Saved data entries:
-----

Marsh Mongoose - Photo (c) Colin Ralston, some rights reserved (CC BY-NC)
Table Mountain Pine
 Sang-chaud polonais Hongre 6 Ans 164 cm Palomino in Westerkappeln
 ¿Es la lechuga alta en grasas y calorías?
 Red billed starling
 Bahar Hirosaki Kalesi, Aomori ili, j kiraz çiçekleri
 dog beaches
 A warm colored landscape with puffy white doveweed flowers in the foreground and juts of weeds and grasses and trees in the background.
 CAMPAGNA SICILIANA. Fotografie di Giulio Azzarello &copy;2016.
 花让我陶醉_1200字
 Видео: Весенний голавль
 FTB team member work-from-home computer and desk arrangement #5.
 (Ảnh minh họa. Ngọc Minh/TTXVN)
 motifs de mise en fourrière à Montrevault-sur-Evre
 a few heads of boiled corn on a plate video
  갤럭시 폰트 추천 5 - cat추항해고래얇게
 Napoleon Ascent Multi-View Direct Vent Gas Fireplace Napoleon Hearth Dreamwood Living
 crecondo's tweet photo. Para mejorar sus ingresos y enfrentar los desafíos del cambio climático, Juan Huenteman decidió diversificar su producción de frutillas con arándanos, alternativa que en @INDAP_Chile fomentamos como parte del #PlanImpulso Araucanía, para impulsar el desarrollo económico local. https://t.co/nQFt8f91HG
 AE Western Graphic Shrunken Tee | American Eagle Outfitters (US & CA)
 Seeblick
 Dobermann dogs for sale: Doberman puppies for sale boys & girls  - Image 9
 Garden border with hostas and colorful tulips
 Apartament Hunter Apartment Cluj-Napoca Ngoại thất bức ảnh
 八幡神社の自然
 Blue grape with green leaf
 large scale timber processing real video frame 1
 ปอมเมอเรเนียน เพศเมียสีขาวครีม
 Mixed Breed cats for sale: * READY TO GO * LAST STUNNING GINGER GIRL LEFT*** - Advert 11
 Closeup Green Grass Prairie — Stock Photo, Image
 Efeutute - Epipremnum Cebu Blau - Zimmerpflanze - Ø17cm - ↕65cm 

-----

- **Problem**
The required answer is the exact run of lines above starting at the line with "Видео: Весенний голавль" and ending at the line with "Napoleon Ascent Multi-View", with both ends present.

- **Completed task**
 Видео: Весенний голавль
 FTB team member work-from-home computer and desk arrangement #5.
 (Ảnh minh họa. Ngọc Minh/TTXVN)
 motifs de mise en fourrière à Montrevault-sur-Evre
 a few heads of boiled corn on a plate video
  갤럭시 폰트 추천 5 - cat추항해고래얇게
 Napoleon Ascent Multi-View Direct Vent Gas Fireplace Napoleon Hearth Dreamwood Living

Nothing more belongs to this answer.